Wu Xi (; born 19 February 1989) is a Chinese professional footballer who currently plays for Chinese Super League club Shanghai Shenhua.

Club career
Wu Xi started his football career with Hebei Tiangong in 2008 when the club was formed and joined the third tier. While the club only played one season in the division, Wu's development particularly with the Chinese national youth teams was impressive enough for top tier side Shanghai Shenhua to be interested in his services, signing for the club on 17 November 2009. At the start of the 2010 season, Wu would make his debut for the club on 3 April 2010 in a 2-1 win against Nanchang Bayi. He scored his first goal for the club on 17 April 2010 in a 2-0 win against Tianjin Teda.

Before the start of the 2013 season, Wu transferred to fellow Chinese Super League side Jiangsu Suning.
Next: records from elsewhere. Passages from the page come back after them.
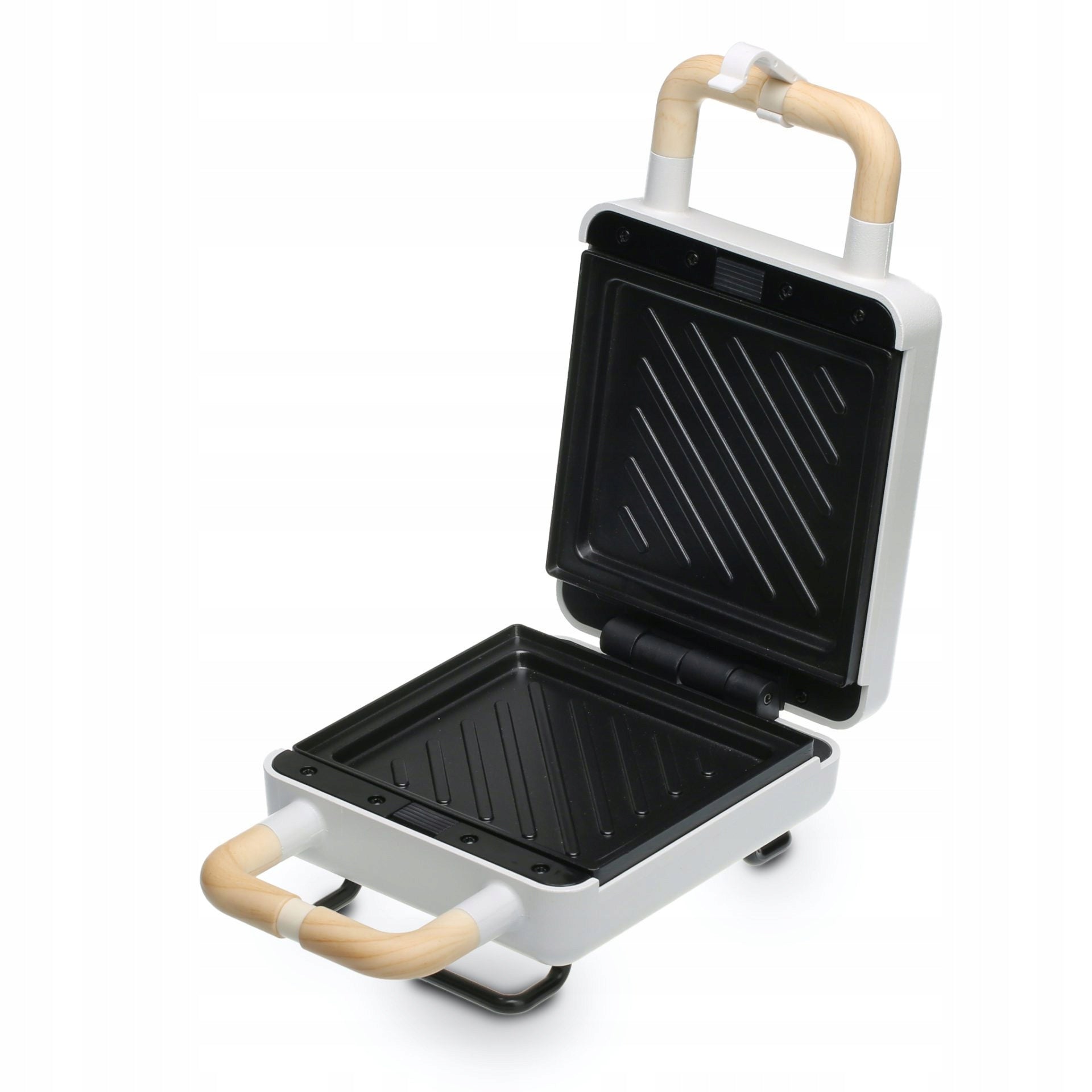 Waffle iron Ade electric toaster oven for sandwiches 600W Brand ADE
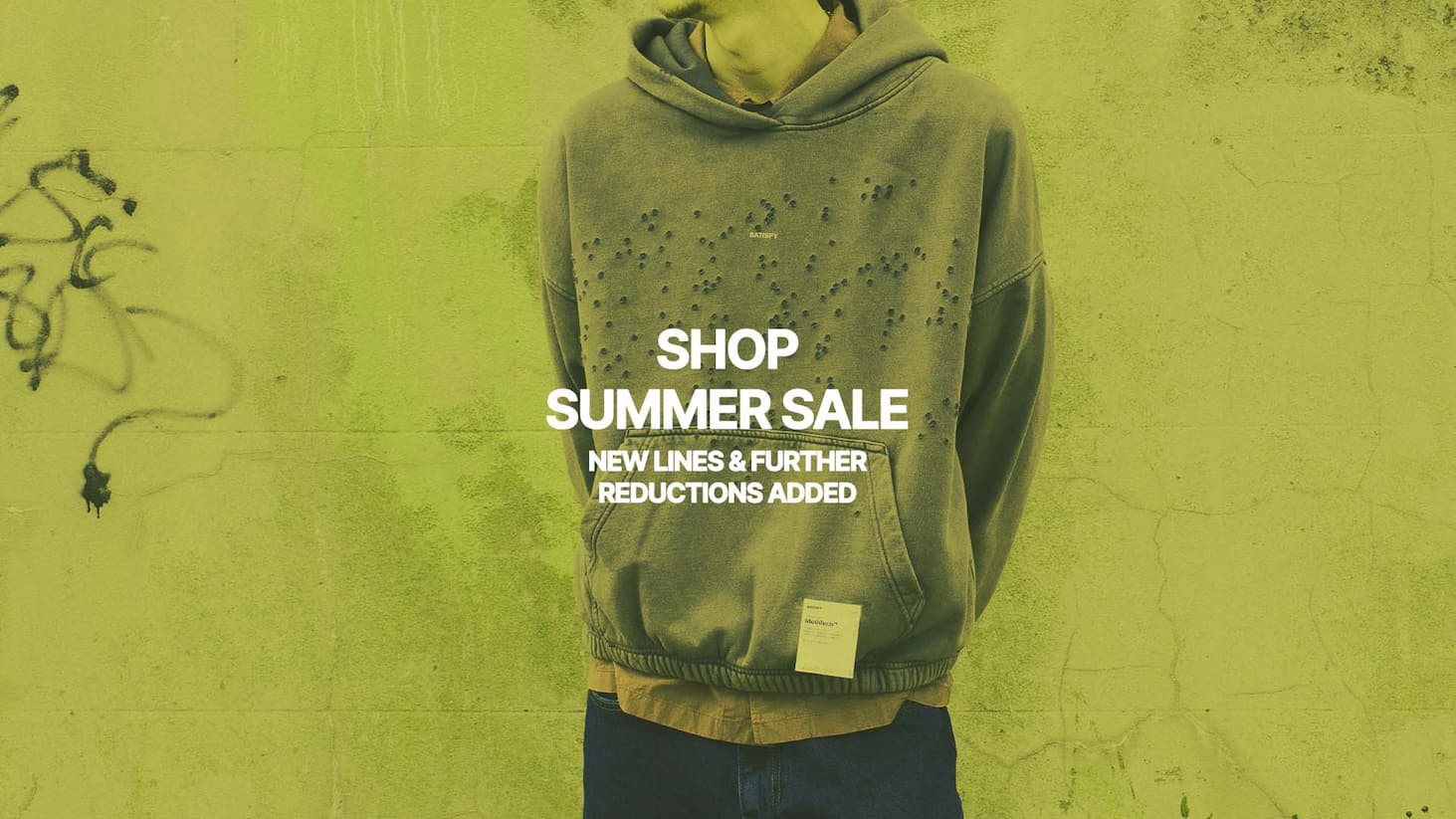 Summer Sale at Urban Industry Store 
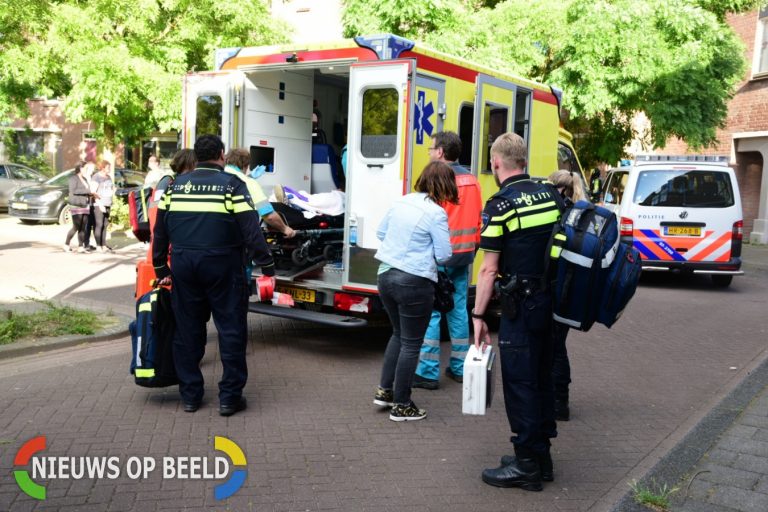 Steekpartij, dader gevlucht Kleermaker Spijkenisse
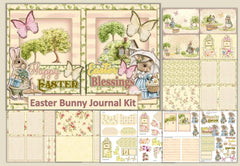 Easter Bunny Junk Journal Bundle - CraftNest - Digital Crafting and Art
He made his debut for the club on 26 February 2013 in a 5-1 loss against FC Seoul in the 2013 AFC Champions League. He would go on to establish himself as a regular within the team and go on to win the 2015 Chinese FA Cup against Shanghai Shenhua. This would be followed by the 2020 Chinese Super League title when he would win the clubs first league title with them.

International career
Wu was first called up to the Chinese under-19 national team in 2007 and took part in the 2008 AFC U-19 Championship. A regular with the side, he could only aid the team to the quarter-finals after he personally missed a penalty in a penalty shootout against Uzbekistan. After the tournament, he would move up to the Chinese under-23 national team and then to the senior squad when he made his debut for then manager Gao Hongbo's last squad on 28 September 2011 in a 6-1 win against Laos during 2014 FIFA World Cup qualification.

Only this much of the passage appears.